Un nuovo video di morte da Hamas
Hamas, nel frattempo, gela le speranze di tregua a Gaza, mentre l’esercito israeliano continua a martellare la Striscia e ad estendere il controllo su altre aree dell’enclave palestinese. “Nessun dialogo sugli ostaggi è possibile“, compresa la proposta di una settimana di pausa in cambio di 40 di loro, a meno che lo Stato ebraico non metta “fine alla sua aggressione”, ha avvertito il portavoce delle Brigate al Qassam, ala militare di Hamas, Abu Obeida, chiarendo che se Israele “vuole che i suoi prigionieri vivano, non ha altra via che fermare l’aggressione e la guerra“. Un ultimatum seccamente respinto da Benyamin Netanyahu.
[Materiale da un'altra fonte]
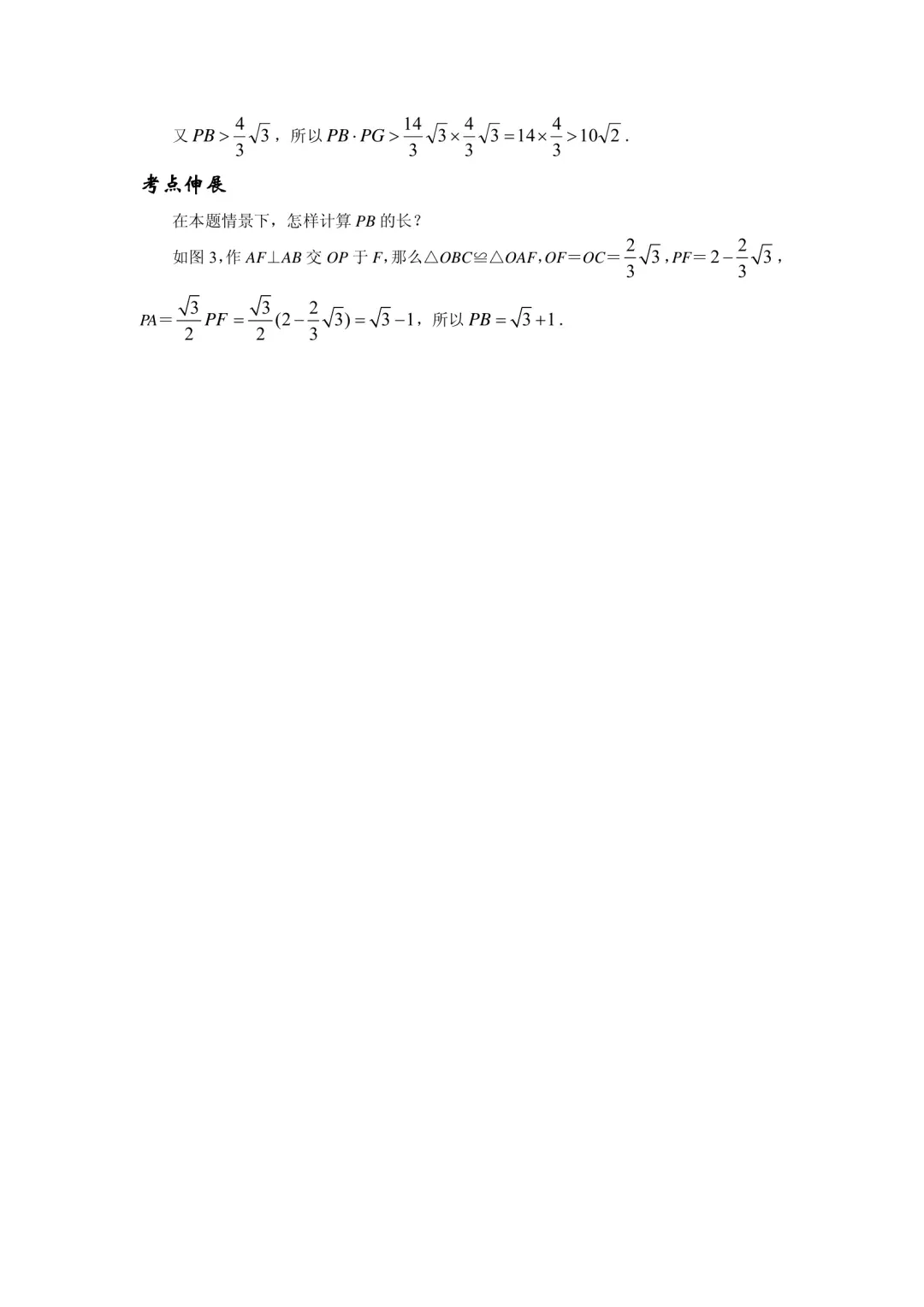 中考数学压轴题精练汇编(八大专题)-第33张图片-四季读书网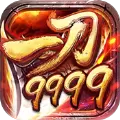 一刀9999手游变态版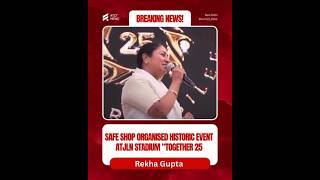 Jawaharlal 🙂Nehru stadium safe shop function 🙏together 25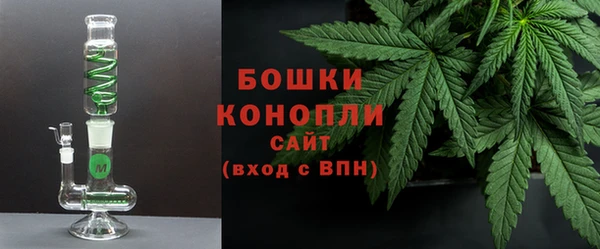 молекула духа Дрезна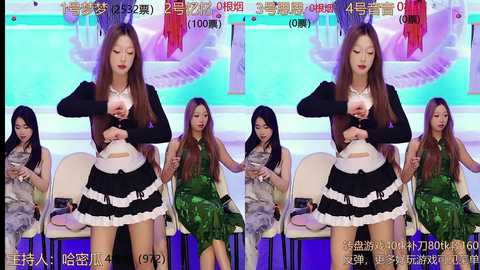 yiyi_xixi_18 @ stripchat on 20241201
A rendere ancora più pesante la situazione è arrivato un nuovo video – diffuso da Hamas su Telegram – nel quale si vedono tre ostaggi i cui corpi sono stati poi recuperati dall’esercito. Si tratta di Elia Toledano (28 anni), Ron Sherman e Nik Beizer, entrambi soldati di 19 anni. Tutti rapiti nell’attacco del 7 ottobre: il primo al festival musicale di Reim, gli altri in una base militare di confine con la Striscia. “Abbiamo provato a tenerli in vita, ma Netanyahu ha insistito a ucciderli“, scrive Hamas nella didascalia del video. Anche stavolta i media israeliani hanno scelto di non diffondere il filmato, tacciandolo di propaganda. Alla netta chiusura di Hamas all’ipotesi di una tregua limitata è seguito il lancio di almeno 30 razzi verso Tel Aviv, il centro e il sud d’Israele dopo una pausa di circa 40 ore, la più lunga finora se si esclude quella in concomitanza della tregua di fine novembre. Sul campo, l’esercito ha continuato a colpire a nord, ma soprattutto a sud della Striscia, dove i soldati stanno cominciando ad allargare le operazioni ad altre aree prima non raggiunte.